## Work task
Begin at the line containing "VELVET Gray Floor" in the entries below and end at the line containing "Beaverbrooks 9ct White"; transcribe that range exactly and nothing outside it.

## The input
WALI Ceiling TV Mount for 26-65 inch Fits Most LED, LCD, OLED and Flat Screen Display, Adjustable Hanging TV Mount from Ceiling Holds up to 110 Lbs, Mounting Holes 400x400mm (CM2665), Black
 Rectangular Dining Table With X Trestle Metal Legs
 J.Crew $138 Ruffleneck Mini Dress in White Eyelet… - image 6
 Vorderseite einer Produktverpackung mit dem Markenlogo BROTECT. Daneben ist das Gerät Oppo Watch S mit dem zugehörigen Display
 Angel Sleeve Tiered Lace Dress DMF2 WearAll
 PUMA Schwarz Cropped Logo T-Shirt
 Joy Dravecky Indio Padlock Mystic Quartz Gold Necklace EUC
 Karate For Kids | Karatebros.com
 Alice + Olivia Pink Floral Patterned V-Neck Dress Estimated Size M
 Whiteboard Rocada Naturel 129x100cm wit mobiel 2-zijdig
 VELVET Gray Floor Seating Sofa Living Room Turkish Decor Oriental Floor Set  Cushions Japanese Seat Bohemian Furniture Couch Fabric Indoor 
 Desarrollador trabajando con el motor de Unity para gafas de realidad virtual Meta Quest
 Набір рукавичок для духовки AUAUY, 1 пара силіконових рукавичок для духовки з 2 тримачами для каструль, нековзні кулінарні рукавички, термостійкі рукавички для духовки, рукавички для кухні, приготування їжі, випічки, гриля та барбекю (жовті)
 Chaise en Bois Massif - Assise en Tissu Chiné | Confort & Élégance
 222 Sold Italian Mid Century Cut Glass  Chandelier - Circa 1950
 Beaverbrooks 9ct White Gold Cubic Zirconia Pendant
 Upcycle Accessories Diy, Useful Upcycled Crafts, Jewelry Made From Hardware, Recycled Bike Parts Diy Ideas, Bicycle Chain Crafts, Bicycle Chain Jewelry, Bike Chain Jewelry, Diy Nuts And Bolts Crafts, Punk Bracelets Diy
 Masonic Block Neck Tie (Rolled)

## Exercise result
 VELVET Gray Floor Seating Sofa Living Room Turkish Decor Oriental Floor Set  Cushions Japanese Seat Bohemian Furniture Couch Fabric Indoor 
 Desarrollador trabajando con el motor de Unity para gafas de realidad virtual Meta Quest
 Набір рукавичок для духовки AUAUY, 1 пара силіконових рукавичок для духовки з 2 тримачами для каструль, нековзні кулінарні рукавички, термостійкі рукавички для духовки, рукавички для кухні, приготування їжі, випічки, гриля та барбекю (жовті)
 Chaise en Bois Massif - Assise en Tissu Chiné | Confort & Élégance
 222 Sold Italian Mid Century Cut Glass  Chandelier - Circa 1950
 Beaverbrooks 9ct White Gold Cubic Zirconia Pendant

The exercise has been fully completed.